Nearly every quarter since China embarked on its journey toward capitalism, fears about its rate of economic expansion have been raised.

Such was the case again earlier this week, when China said its economy grew at its fastest pace in a decade. Much hangs in the balance if the country can't control its growth, as one investment bank indicated after China's announcement that its gross domestic product advanced at an 11.3% annual rate in the last quarter.

"China urgently needs to rebalance the economy, cooling down investment and relying less on exports and more on domestic consumption," Lehman Brothers said.

However, as has been the case in the past, the worries might well be overdone.

"The headlines look quite alarmist, but the reality is that China's a big ship, and it moves very slowly," says Julian Thompson, a portfolio manager at RiverSource Emerging Markets Fund, with about $520 million in assets.

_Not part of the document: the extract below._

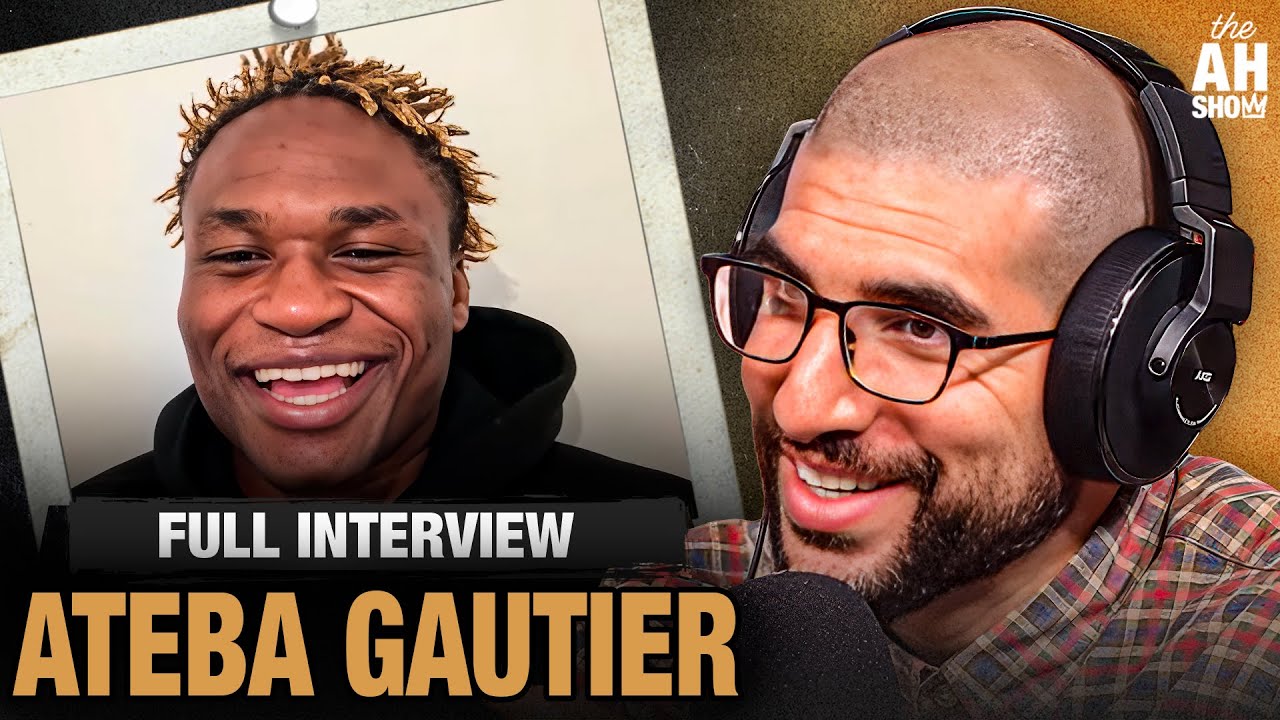 Rising UFC Star Ateba Gautier Talks CRAZY Street Fights in Cameroon, Why He 'Loves' His Opponents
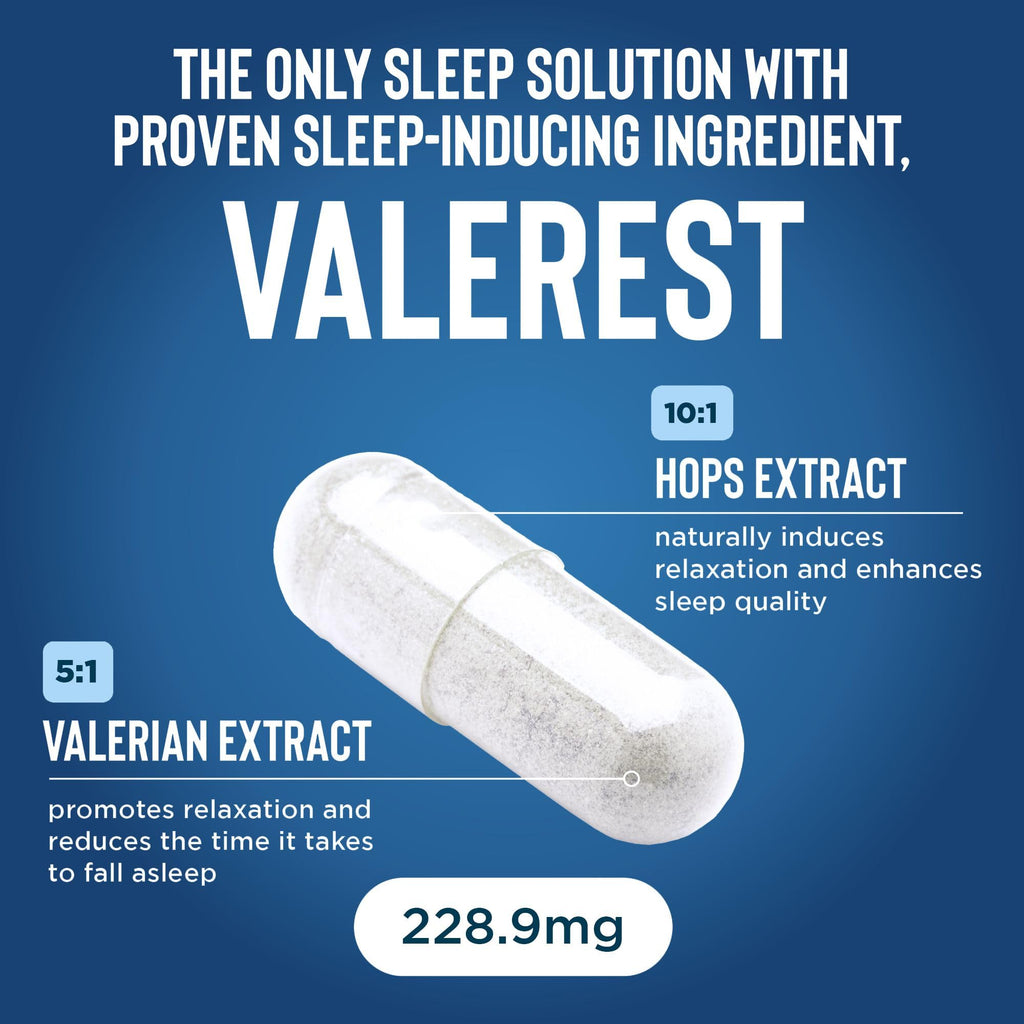 Melatonin Sleep Aid with Magnesium & Ashwagandha for Deep Rest Capsules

Thompson points out that with China there has been little correlation between GDP growth and investment returns. "If you look at the Chinese economy from the 10-year period ending in 2005, it had the fastest growth rate in the world," he says. But during the same period, the Chinese stock market has delivered a negative 3% annualized return.

Cheap manufacturing was once the key to China's expansion and economic health, but Thompson says the new barometer will be the emerging consumer economy and whether it will be strong enough to bring the country's growth in for a soft landing.

Logic dictates that some sort of slowdown must happen, says Brian Fabbri, chief economist at BNP Paribas. "Anything that grows as rapidly as the Chinese economy has been growing is subject to some serious reversals," he says. "To not expect some significant reversals is foolish and foolhardy.

So when Beijing finally does take measures to hit the brakes, hopefully consumer spending will be there to ease the pain.

"When an economy is a little bit out of balance, when most of the growth takes place on the investment side with limited growth in consumer spending, in the history of Western economies, we have seen that those reversals have been more serious," Fabbri says.

The Consumer Is Key

Turning China's citizens into voracious consumers is a proposition that relies heavily on job stability and better wages.

"It is helpful to compare China to India, another country of 1 billion people, but one where workers are free to form independent trade unions," says Daniel Rosen, a principal at China Strategic Advisory and a fellow at the Institute for International Economics. "Over the past 10 years, manufacturing wages have risen faster in China than they have in India. In fact, Chinese labor is now more expensive than many of its developing Asian neighbors, including India, Indonesia and the Philippines."

Rosen says Chinese wages are going up, meaning there are more potential buyers of goods and services than there have traditionally been in the past. "There's more than one reason to be a foreign direct investor in China," he says. "There's still inexpensive labor vs. what we'll find in Ohio, and there's a growing customer base, too."

For stock investors looking to be ahead of the game, this is where they may want to set their sights, too.

Starbucks ( SBUX), Wal-Mart ( WMT) and Yum! Brands ( YUM) have or are in the process of making China central to their expansion strategies.

Citigroup ( C), meanwhile, is one of the companies showing a major interest in China's nascent banking system. Currently, only a small segment of the population in China has a credit card or uses loans for purchases.

"The idea of domestic consumption picking up is becoming more realistic as more evidence comes out that Chinese consumers are just like consumers anywhere else," says Thompson. "Given access to credit, we have seen that they will consume."

Growth for Stability

The Asian Development Bank wants China to take on more aggressive measures, including increasing the value of the yuan, raising bank deposit and lending rates, creating higher reserve-requirement ratios for banks and reducing control on capital outflows.

Further yuan revaluation is the measure that would please U.S. lawmakers most. China's rigid exchange rate has been blamed for adding to huge foreign-exchange inflows that have undermined Beijing's attempts to suck liquidity out of the economy. China's trade surplus hit a record $14.5 billion in June, and foreign-exchange reserves rose to $941.1 billion.

Beijing has kept frustratingly mum on whether and when it will revalue again, and Chinese central bankers have eschewed the blunt instruments of a dramatic interest rate hikes and large currency revaluations. Rather, the government has targeted specific sectors as they overheat by halting or delaying new projects, thus putting the brakes on production growth.

The U.S. Federal Reserve, in contrast, uses the broad power of rate hikes to battle inflation as a systemic ill.

Even more than cooling its economy, which has been running hot for years, it's essential for Beijing to quiet the civil unrest that has been brewing along with a burgeoning wealth gap. It's the primary policy obsession for an autocratic government that has retained power in large part by creating the perception that things are constantly improving.